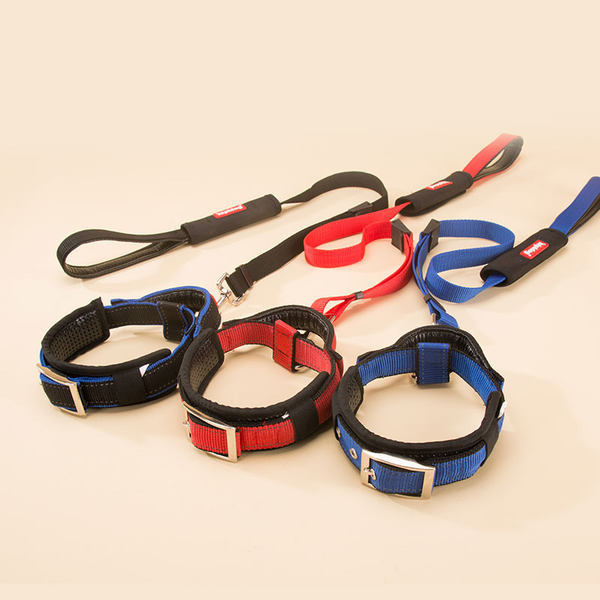 Guler de caine cu catarama metalica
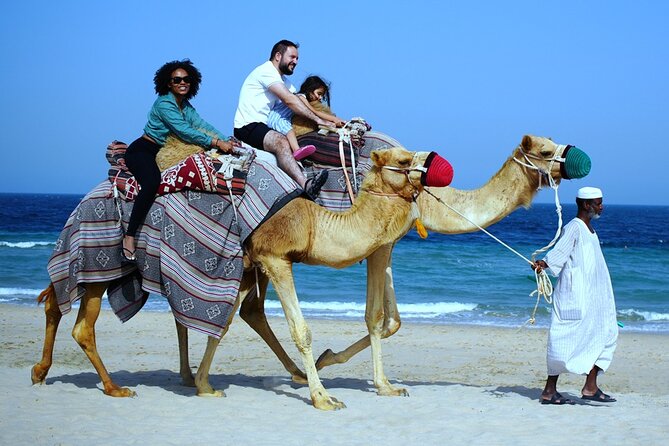 1 Hour Camel Ride Experience in Sealine Beach - Key Points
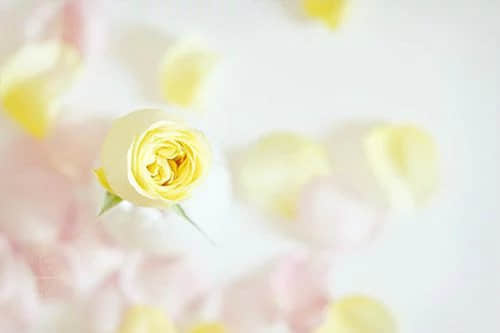 ˵˵ ˵Ҹǿ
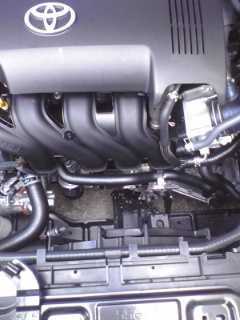 f0091057_340461.jpg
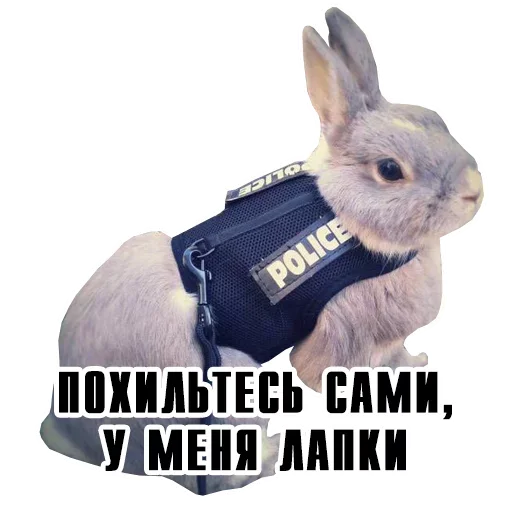 Стикер Друид из рощи снов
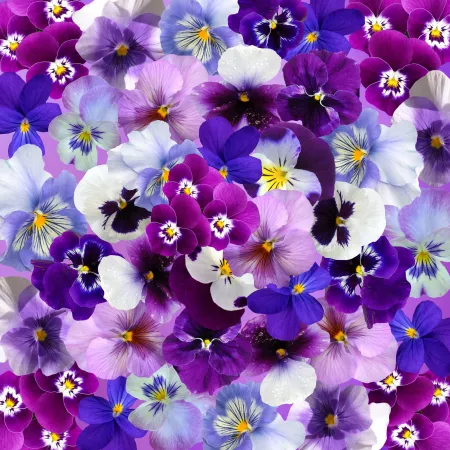 Pansy flowers, Colorful flowers, Blossom, Spring, Beautiful flowers, Aesthetic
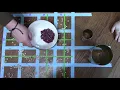 Population Estimation using the Peterson Method and a bunch of beans Revisited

• • • •

Every record should be duplicated exactly, though any picture in it must be left out.

## Final answer
 Guler de caine cu catarama metalica
 1 Hour Camel Ride Experience in Sealine Beach - Key Points
 ˵˵ ˵Ҹǿ
 f0091057_340461.jpg
 Стикер Друид из рощи снов
 Pansy flowers, Colorful flowers, Blossom, Spring, Beautiful flowers, Aesthetic
 Population Estimation using the Peterson Method and a bunch of beans Revisited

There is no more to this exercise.